Who are your SD culinary specialist heroes?

Who are your SD culinary heroes? There's a similar thread focusing on SD favorite chefs, but I wanted to tweak the focus a bit more broadly in one sense, and a bit more narrowly in another.

The kitchen chef is often given most all of the credit for a successful restaurant, but there are many unsung heroes who may not carry the moniker of chef to his/her title but nevertheless are often critically important in the preparation of some specialty item.

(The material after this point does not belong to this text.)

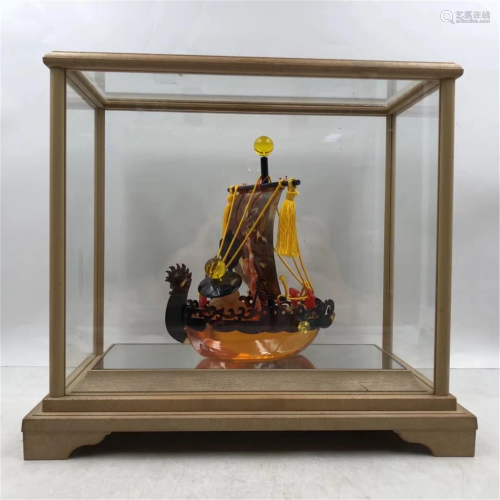 A TORTOISE-SHELL PHOENIX HEAD SAILBOAT DECORATION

These are the true specialists who may be "culinary rock stars" amongst a small subculture of dedicated followers, creating magic that is seldom recognized by the larger industry around them. Or perhaps they are "rock stars" only in your mind and unnoticed by everyone else, but their presence makes your day a little bit better. Though they may or may not work in a kitchen, they are responsible in some direct way in the creation of a specialty food product somewhere along the line.

Perhaps they're a specialty grower, a bread baker, a poultryman, a mixologist, a barista, a winemaker, a confectionist, a chocolatier, a tea grower, an aquaculturist, or perhaps even one who cultures yeasts.

And it's not meant to be a top 5 list either, so this is the time to recognize, say, that barista who always gets the milk texture just right for your morning Latte.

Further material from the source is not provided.